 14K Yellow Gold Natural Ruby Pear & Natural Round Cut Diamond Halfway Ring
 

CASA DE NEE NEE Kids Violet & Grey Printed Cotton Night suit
#####
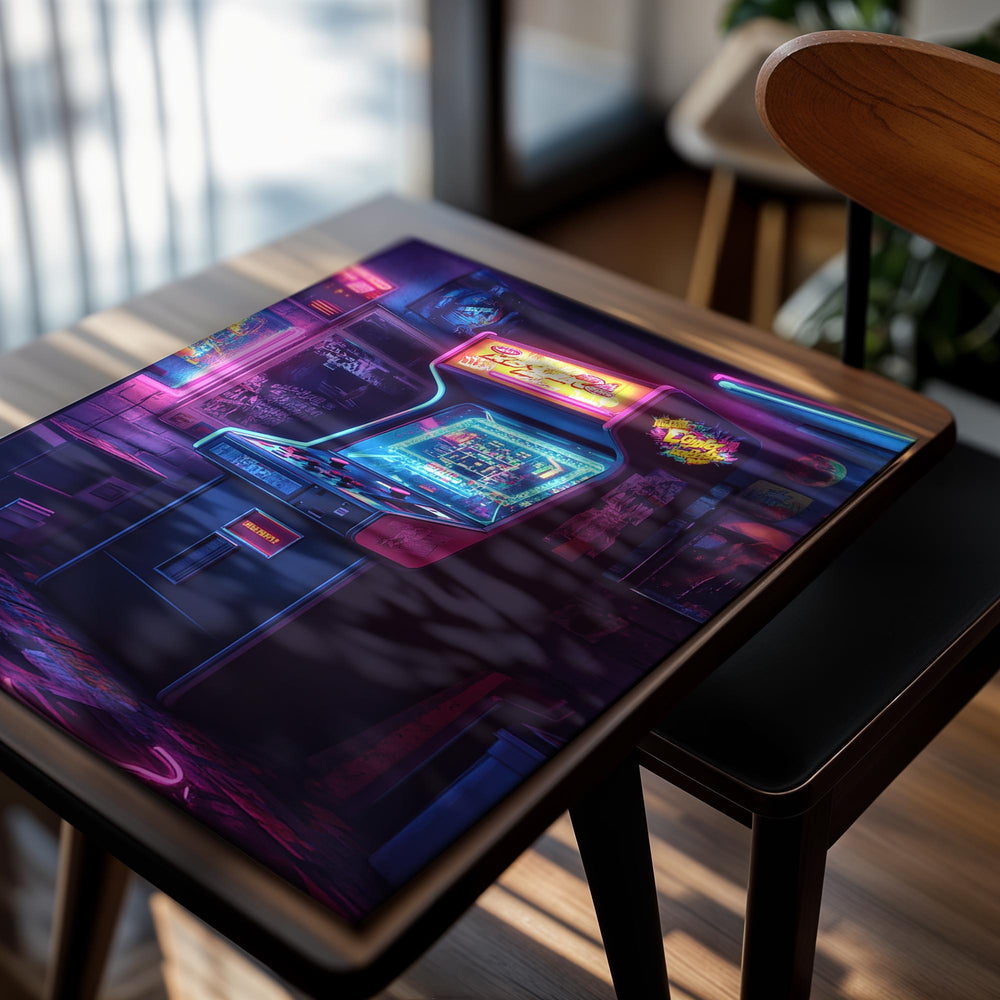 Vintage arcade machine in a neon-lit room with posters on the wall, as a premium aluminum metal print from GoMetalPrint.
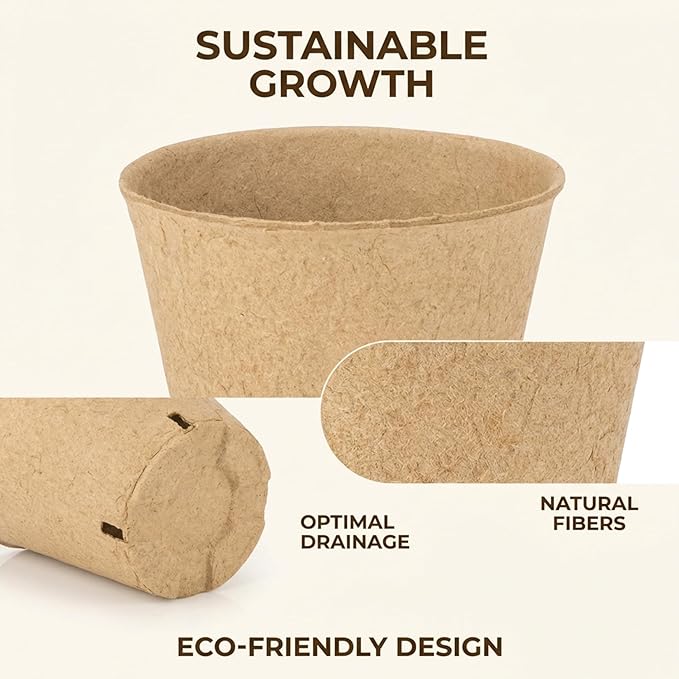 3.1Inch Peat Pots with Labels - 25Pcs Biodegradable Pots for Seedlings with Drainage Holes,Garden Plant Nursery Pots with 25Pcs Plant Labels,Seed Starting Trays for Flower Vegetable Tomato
#####
Work required » Above this task is a listing with pictures in it. Retype only the lines from the one containing "Vintage arcade machine" through the one containing "3.1Inch Peat Pots", both included, and not the pictures.

Worked solution »
 Vintage arcade machine in a neon-lit room with posters on the wall, as a premium aluminum metal print from GoMetalPrint.
 3.1Inch Peat Pots with Labels - 25Pcs Biodegradable Pots for Seedlings with Drainage Holes,Garden Plant Nursery Pots with 25Pcs Plant Labels,Seed Starting Trays for Flower Vegetable Tomato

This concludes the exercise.